Lawson Products (NASDAQ:LAWS) Could Easily Take On More Debt

Howard Marks put it nicely when he said that, rather than worrying about share price volatility, 'The possibility of permanent loss is the risk I worry about... and every practical investor I know worries about.' So it might be obvious that you need to consider debt, when you think about how risky any given stock is, because too much debt can sink a company. Importantly, Lawson Products, Inc. (NASDAQ:LAWS) does carry debt. But the real question is whether this debt is making the company risky.

Why Does Debt Bring Risk?

Debt assists a business until the business has trouble paying it off, either with new capital or with free cash flow. If things get really bad, the lenders can take control of the business. While that is not too common, we often do see indebted companies permanently diluting shareholders because lenders force them to raise capital at a distressed price. Of course, the upside of debt is that it often represents cheap capital, especially when it replaces dilution in a company with the ability to reinvest at high rates of return. When we examine debt levels, we first consider both cash and debt levels, together.

Check out our latest analysis for Lawson Products

How Much Debt Does Lawson Products Carry?

You can click the graphic below for the historical numbers, but it shows that Lawson Products had US$1.71m of debt in June 2020, down from US$8.82m, one year before. However, its balance sheet shows it holds US$10.0m in cash, so it actually has US$8.30m net cash.

debt-equity-history-analysis
debt-equity-history-analysis

How Healthy Is Lawson Products's Balance Sheet?

We can see from the most recent balance sheet that Lawson Products had liabilities of US$39.6m falling due within a year, and liabilities of US$37.1m due beyond that. Offsetting these obligations, it had cash of US$10.0m as well as receivables valued at US$40.0m due within 12 months. So its liabilities outweigh the sum of its cash and (near-term) receivables by US$26.6m.

Of course, Lawson Products has a market capitalization of US$415.1m, so these liabilities are probably manageable. Having said that, it's clear that we should continue to monitor its balance sheet, lest it change for the worse. While it does have liabilities worth noting, Lawson Products also has more cash than debt, so we're pretty confident it can manage its debt safely.
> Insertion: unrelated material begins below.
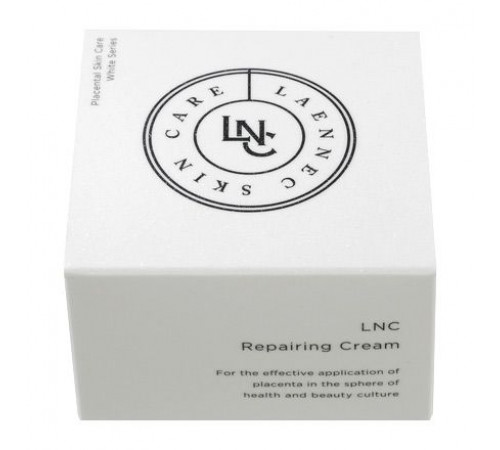 LAENNEC LNC Repairing Cream Омолаживающий крем LAENNEC LNC Repairing Cream Омолаживающий крем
Even more impressive was the fact that Lawson Products grew its EBIT by 130% over twelve months. That boost will make it even easier to pay down debt going forward. When analysing debt levels, the balance sheet is the obvious place to start. But ultimately the future profitability of the business will decide if Lawson Products can strengthen its balance sheet over time. So if you're focused on the future you can check out this free report showing analyst profit forecasts.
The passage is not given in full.